:: Material for this exercise ::

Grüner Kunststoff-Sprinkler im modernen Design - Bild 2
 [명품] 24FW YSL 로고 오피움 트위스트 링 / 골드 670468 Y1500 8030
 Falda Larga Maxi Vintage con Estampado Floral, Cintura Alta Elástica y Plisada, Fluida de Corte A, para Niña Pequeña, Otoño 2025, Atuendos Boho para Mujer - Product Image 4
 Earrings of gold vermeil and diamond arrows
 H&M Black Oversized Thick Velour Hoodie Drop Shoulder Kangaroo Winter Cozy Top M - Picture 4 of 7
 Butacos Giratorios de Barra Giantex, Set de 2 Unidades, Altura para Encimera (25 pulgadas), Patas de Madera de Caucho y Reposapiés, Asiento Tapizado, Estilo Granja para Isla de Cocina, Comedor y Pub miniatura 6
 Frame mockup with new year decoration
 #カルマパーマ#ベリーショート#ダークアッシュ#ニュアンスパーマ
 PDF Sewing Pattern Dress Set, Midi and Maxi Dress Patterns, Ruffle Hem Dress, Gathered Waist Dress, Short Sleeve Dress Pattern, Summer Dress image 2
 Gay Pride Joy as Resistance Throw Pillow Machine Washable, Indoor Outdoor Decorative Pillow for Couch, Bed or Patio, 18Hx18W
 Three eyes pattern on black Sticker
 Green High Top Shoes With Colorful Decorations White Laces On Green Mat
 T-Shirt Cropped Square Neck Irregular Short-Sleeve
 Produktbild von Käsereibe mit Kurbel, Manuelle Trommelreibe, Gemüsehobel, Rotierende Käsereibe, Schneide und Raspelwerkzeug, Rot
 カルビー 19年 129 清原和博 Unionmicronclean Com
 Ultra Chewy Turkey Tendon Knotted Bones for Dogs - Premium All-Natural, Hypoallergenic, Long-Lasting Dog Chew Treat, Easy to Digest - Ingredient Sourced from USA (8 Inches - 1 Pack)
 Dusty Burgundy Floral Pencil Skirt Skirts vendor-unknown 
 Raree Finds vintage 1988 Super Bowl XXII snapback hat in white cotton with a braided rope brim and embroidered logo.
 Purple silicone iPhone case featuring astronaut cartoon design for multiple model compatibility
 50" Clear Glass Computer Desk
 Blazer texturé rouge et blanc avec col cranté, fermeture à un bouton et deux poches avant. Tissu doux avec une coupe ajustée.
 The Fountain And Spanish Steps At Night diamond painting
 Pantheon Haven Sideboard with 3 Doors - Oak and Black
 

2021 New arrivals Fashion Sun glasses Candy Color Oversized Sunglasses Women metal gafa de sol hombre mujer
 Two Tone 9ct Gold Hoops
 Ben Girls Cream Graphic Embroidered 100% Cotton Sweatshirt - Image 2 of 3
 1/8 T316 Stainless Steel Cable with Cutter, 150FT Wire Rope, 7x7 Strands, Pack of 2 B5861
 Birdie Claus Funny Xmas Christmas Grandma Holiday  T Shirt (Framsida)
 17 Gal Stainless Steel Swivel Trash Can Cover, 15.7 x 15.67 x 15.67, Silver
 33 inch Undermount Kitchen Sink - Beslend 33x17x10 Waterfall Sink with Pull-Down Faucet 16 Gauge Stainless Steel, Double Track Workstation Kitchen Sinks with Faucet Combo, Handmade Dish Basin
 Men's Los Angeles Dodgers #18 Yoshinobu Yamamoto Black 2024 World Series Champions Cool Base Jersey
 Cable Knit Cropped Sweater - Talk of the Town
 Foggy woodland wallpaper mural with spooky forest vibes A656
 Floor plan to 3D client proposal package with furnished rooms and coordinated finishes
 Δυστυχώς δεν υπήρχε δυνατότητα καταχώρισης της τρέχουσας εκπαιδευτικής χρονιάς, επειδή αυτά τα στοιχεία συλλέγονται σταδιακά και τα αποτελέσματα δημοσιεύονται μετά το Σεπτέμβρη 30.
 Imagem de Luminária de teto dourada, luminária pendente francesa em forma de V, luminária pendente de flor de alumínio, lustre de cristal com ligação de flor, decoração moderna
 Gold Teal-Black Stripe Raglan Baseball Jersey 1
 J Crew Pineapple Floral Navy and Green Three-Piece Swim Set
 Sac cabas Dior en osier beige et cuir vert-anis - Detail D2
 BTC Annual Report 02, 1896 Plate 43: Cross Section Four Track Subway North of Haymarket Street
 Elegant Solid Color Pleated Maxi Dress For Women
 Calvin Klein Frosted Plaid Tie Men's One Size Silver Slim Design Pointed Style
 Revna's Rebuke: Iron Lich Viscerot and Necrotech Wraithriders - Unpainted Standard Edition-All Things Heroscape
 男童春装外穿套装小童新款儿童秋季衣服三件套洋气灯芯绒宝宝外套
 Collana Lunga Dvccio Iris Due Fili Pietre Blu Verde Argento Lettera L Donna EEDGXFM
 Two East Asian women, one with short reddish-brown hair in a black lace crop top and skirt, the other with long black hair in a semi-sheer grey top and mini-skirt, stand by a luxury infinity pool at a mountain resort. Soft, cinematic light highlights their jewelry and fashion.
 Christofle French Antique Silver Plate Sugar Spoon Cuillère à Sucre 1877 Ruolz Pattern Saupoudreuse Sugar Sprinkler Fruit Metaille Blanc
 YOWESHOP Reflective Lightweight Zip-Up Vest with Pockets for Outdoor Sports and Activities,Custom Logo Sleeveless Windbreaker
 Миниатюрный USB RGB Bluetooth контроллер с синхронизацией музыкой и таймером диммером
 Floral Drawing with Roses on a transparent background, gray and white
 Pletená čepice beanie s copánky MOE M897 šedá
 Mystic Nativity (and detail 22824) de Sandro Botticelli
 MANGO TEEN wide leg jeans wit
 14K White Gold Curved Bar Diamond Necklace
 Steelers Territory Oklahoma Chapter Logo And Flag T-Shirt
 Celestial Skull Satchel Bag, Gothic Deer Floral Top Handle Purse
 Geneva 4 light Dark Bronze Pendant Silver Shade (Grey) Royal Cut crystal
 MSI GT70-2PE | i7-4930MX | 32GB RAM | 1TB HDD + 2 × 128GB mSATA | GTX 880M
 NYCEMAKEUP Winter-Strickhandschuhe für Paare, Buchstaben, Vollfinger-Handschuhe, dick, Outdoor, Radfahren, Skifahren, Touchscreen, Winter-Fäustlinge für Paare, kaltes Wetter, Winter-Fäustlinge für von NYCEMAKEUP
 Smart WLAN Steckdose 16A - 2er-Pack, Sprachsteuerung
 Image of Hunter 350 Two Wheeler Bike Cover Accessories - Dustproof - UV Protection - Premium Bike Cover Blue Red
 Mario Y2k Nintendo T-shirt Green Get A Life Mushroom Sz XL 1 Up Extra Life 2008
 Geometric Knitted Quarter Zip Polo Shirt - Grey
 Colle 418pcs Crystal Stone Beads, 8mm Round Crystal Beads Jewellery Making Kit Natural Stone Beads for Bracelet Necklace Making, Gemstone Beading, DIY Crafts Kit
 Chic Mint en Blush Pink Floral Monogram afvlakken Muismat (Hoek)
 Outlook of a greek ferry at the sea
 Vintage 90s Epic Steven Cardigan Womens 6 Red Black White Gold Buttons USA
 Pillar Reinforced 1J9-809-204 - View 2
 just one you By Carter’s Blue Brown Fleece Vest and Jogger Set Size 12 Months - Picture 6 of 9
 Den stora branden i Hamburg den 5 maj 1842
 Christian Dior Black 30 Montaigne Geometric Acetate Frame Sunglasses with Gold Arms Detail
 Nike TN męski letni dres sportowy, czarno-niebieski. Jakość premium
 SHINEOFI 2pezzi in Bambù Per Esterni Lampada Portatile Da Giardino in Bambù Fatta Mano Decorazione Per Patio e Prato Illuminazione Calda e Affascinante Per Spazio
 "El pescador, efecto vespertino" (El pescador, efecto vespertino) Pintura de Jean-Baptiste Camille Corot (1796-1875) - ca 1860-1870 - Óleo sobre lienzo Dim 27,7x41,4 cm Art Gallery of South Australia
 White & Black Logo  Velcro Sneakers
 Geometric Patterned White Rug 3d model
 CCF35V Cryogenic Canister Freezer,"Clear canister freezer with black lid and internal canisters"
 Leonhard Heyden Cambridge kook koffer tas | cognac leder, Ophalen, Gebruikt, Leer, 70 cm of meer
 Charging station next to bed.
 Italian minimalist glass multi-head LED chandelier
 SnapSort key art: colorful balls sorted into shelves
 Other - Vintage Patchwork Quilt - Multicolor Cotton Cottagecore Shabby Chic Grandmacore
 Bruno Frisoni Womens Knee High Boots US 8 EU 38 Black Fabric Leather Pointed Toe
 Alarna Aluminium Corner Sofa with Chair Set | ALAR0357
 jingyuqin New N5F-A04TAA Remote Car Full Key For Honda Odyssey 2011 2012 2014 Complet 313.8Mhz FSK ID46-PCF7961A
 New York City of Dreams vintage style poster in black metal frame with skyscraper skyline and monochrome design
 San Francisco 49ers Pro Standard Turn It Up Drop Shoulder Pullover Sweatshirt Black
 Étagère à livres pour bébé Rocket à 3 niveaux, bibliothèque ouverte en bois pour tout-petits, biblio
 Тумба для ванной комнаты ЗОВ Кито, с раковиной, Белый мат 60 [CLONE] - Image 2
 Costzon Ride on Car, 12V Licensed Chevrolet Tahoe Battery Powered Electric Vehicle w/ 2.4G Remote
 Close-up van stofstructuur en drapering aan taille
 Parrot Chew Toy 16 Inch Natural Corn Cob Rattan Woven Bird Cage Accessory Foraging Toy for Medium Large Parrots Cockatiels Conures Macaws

:::

Task:
Among the records above, extract exactly the lines from the line with "Geometric Patterned White Rug 3d model" to the line with "Leonhard Heyden Cambridge", both lines included, and leave out the rest.

Response area:
 Geometric Patterned White Rug 3d model
 CCF35V Cryogenic Canister Freezer,"Clear canister freezer with black lid and internal canisters"
 Leonhard Heyden Cambridge kook koffer tas | cognac leder, Ophalen, Gebruikt, Leer, 70 cm of meer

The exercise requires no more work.